#### [PROBLEM TO WORK ON]
Exactly the lines from the one containing "Boys Yellow, Grey" through the end of the entries, both ends included, are to be output.

#### [DATA SHOWN]
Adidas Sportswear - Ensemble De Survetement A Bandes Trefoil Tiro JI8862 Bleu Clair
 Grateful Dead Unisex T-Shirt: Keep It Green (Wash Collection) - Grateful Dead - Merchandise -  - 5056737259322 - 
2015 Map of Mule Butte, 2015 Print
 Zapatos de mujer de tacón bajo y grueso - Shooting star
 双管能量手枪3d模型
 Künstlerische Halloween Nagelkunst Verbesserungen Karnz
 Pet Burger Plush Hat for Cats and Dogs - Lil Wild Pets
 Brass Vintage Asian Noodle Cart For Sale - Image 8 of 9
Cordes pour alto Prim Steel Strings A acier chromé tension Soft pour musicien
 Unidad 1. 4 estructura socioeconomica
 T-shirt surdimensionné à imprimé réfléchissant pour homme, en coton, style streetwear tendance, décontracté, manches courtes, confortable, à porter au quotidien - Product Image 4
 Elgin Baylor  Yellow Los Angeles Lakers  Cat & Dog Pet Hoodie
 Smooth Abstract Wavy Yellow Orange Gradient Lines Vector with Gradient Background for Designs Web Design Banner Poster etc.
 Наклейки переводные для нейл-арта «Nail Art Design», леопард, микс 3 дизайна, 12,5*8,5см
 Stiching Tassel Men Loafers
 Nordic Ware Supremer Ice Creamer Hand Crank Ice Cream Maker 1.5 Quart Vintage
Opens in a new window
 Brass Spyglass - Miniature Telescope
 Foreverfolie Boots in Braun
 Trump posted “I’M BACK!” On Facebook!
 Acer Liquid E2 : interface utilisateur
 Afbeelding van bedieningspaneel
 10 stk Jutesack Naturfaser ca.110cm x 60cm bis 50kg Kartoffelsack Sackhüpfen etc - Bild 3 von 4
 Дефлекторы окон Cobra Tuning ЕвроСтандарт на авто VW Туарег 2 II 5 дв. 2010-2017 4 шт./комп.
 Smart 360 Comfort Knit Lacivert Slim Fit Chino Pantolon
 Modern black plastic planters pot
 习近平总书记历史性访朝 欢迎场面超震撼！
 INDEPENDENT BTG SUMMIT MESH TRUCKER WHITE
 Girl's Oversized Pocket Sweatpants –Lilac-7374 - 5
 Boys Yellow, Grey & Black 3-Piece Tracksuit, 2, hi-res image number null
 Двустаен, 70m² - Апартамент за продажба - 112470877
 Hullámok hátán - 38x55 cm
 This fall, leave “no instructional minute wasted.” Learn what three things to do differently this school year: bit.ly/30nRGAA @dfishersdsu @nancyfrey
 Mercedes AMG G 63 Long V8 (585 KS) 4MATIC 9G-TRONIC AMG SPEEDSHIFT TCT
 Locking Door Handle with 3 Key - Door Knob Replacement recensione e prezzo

#### [RESULT OF THE TASK]
 Boys Yellow, Grey & Black 3-Piece Tracksuit, 2, hi-res image number null
 Двустаен, 70m² - Апартамент за продажба - 112470877
 Hullámok hátán - 38x55 cm
 This fall, leave “no instructional minute wasted.” Learn what three things to do differently this school year: bit.ly/30nRGAA @dfishersdsu @nancyfrey
 Mercedes AMG G 63 Long V8 (585 KS) 4MATIC 9G-TRONIC AMG SPEEDSHIFT TCT
 Locking Door Handle with 3 Key - Door Knob Replacement recensione e prezzo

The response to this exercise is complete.